▶ [Directions for this task]:
The entries below are to be repeated exactly, and their pictures left out.

(Records provided Opens)

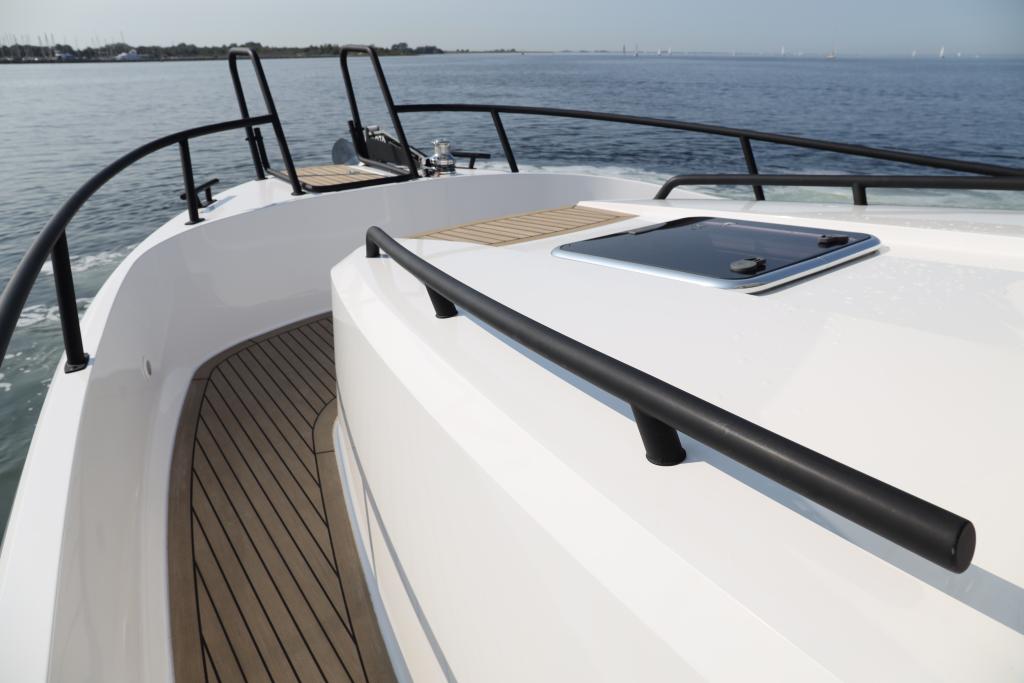 sargo-33-explorer-for-deck.jpg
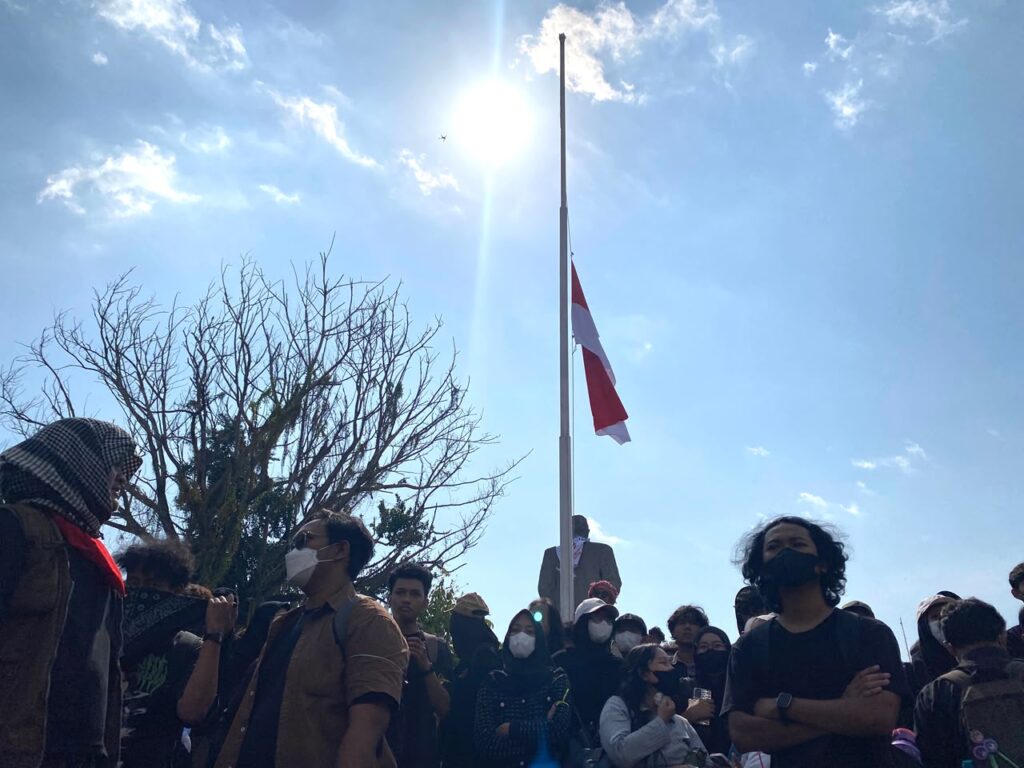 DPRD DIY Sentil Prabowo: Karhutla Kalimantan Kok Nggak Jadi Bencana Nasional?.MOJOK.CO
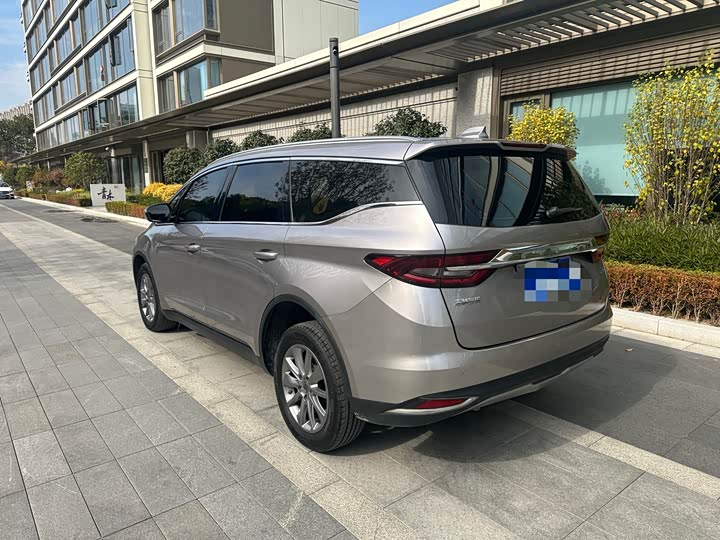 Фото 9 - Geely Jiaji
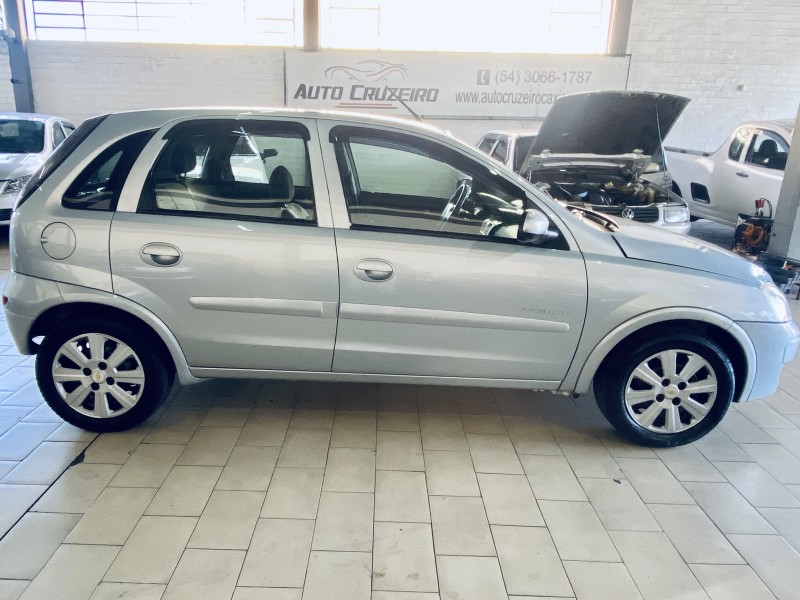 CORSA 1.4 MPFI PREMIUM 8V FLEX 4P MANUAL - 2009 - CAXIAS DO SUL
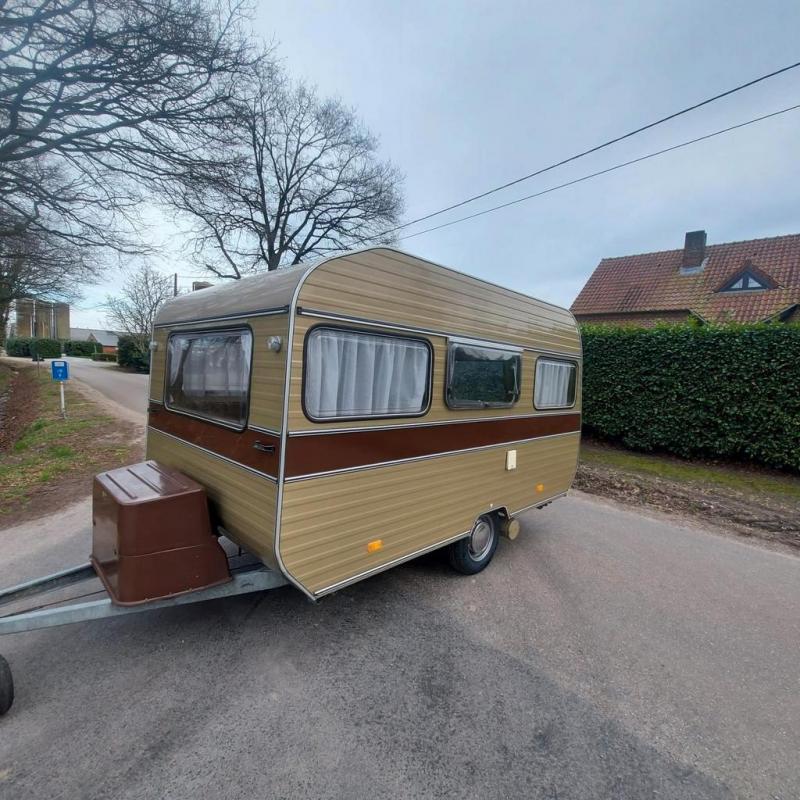 Unieke Oldtimer caravan avento nieuw staat mtm 750kg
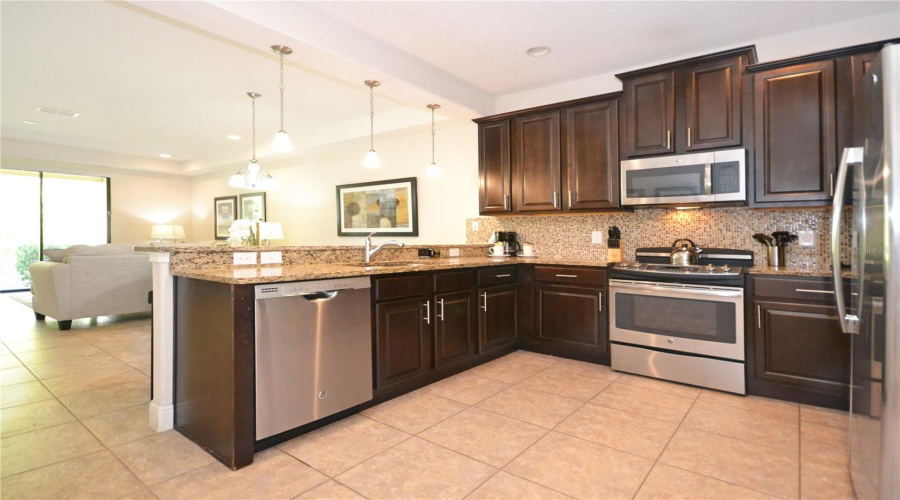 DAVENPORT, Florida 33896, 3 Bedrooms Bedrooms, ,2 BathroomsBathrooms,Residential,For Sale,ROSEVILLE,0,MFRS5134635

(Records provided Closes)

▶ [Your solution]:
 sargo-33-explorer-for-deck.jpg
 DPRD DIY Sentil Prabowo: Karhutla Kalimantan Kok Nggak Jadi Bencana Nasional?.MOJOK.CO
 Фото 9 - Geely Jiaji
 CORSA 1.4 MPFI PREMIUM 8V FLEX 4P MANUAL - 2009 - CAXIAS DO SUL
 Unieke Oldtimer caravan avento nieuw staat mtm 750kg
 DAVENPORT, Florida 33896, 3 Bedrooms Bedrooms, ,2 BathroomsBathrooms,Residential,For Sale,ROSEVILLE,0,MFRS5134635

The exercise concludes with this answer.